### INSTRUCTIONS FOR THE TASK
Give again, word for word, the lines below that run from the line with "Lacoste Hooded Full Zip Sweatshirt Dark Grey" through the line with "树木蓝绿河流清新自然风景矢量素材素材". Drop the pictures.

### GIVEN RECORDS
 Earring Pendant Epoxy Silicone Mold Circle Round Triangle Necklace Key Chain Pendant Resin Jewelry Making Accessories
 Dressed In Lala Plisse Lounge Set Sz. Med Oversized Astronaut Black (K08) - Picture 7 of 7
==
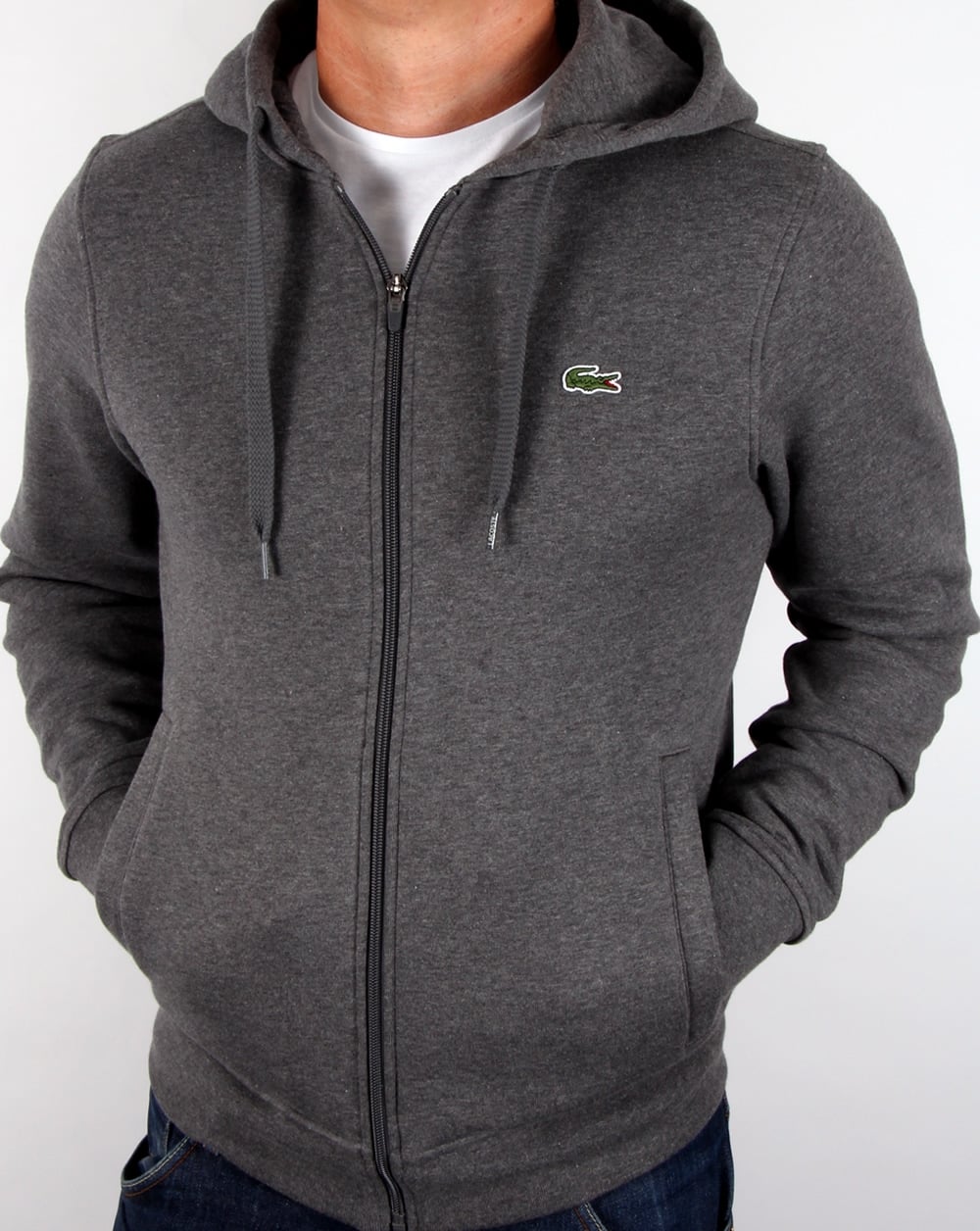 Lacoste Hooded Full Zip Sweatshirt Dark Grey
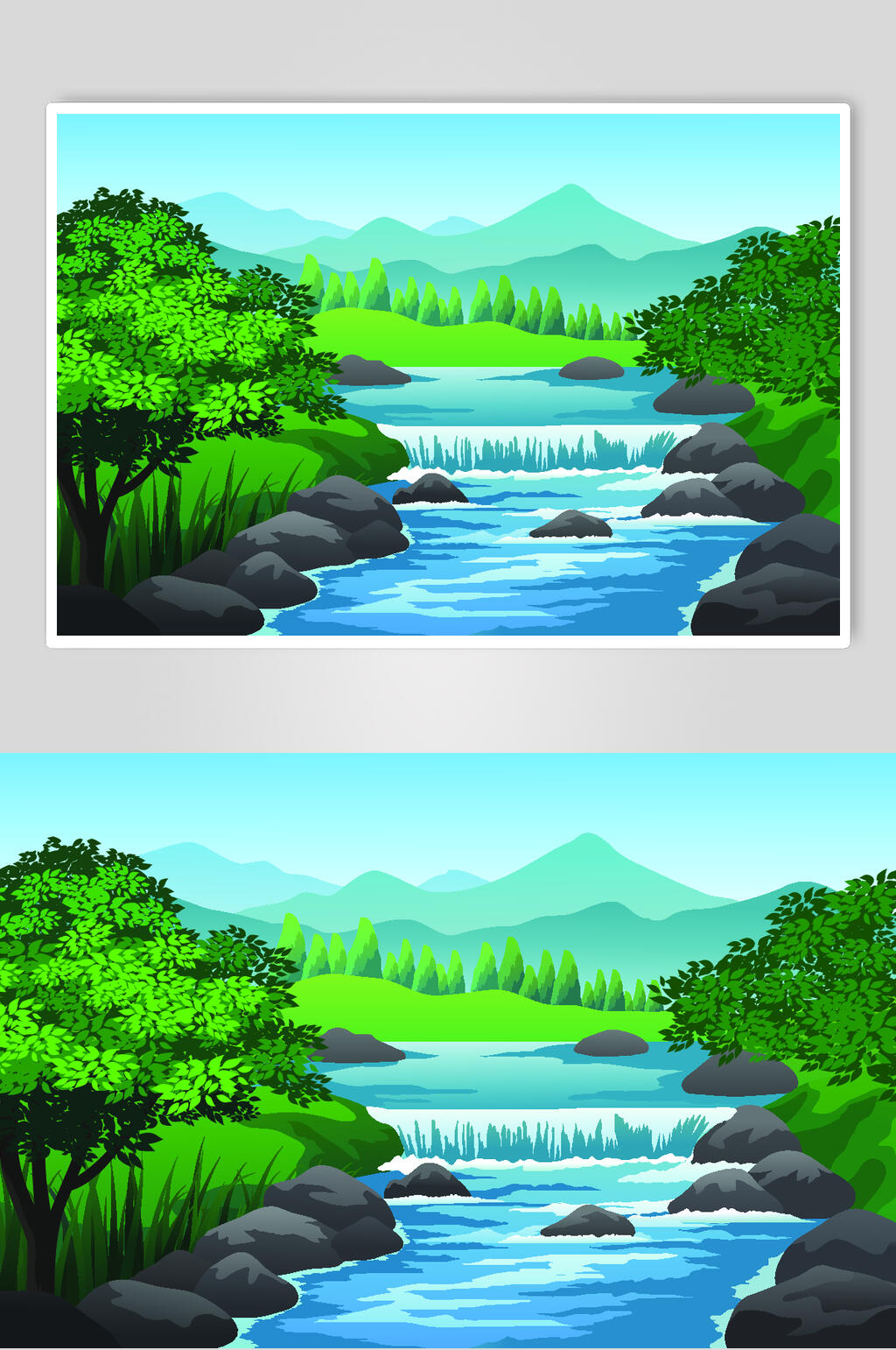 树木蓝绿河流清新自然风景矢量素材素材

### REPLY TO THE EXERCISE
 Lacoste Hooded Full Zip Sweatshirt Dark Grey
 树木蓝绿河流清新自然风景矢量素材素材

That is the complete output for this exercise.